A new study led by Harvard Medical School and the University of Copenhagen, in collaboration with VA Boston Healthcare System, Dana-Farber Cancer Institute, and the Harvard T.H. Chan School of Public Health, found that an AI tool could identify individuals at the highest risk of pancreatic cancer up to three years before diagnosis, using only medical records. The research, published in Nature Medicine, indicates that AI-based population screening could help in identifying those at risk and in speeding up diagnosis of pancreatic cancer, which is often detected at later stages when treatment is less effective. “An AI tool that can zero in on those at highest risk for pancreatic cancer who stand to benefit most from further tests could go a long way toward improving clinical decision-making,” said co-senior investigator Chris Sander.

The lack of population-based screening tools for pancreatic cancer means that only those with a family history and certain genetic mutations are screened. However, the targeted approach may miss other cases outside those categories, as the researchers pointed out. Soren Brunak, the other co-senior investigator, highlighted that “AI-based screening is an opportunity to alter the trajectory of pancreatic cancer, an aggressive disease that is notoriously hard to diagnose early and treat promptly when the chances for success are highest.”

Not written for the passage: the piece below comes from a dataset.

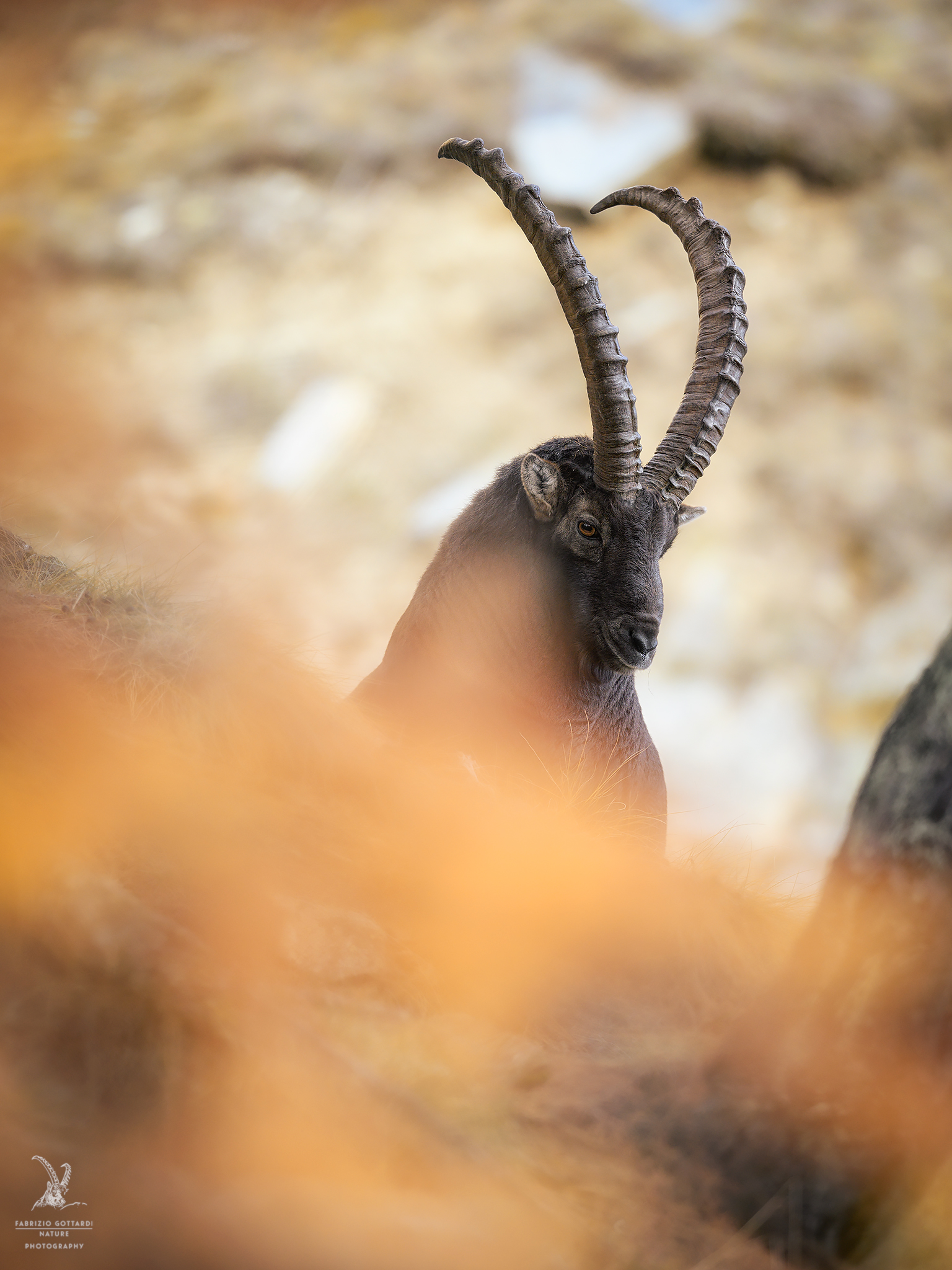 Siesta among the Larches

The researchers trained the AI algorithm on two separate datasets consisting of 9 million patient records from Denmark and the US. Based on combinations of disease codes and their timing, the AI model identified patients who are likely to develop pancreatic cancer in the future. The researchers tested various versions of the AI models for their ability to detect people at risk within different time scales. Each version of the AI algorithm was significantly more accurate than current population-wide estimates of disease incidence. The researchers believe the model is at least as accurate in predicting disease occurrence as current genetic sequencing tests, which are only available for a small subset of patients.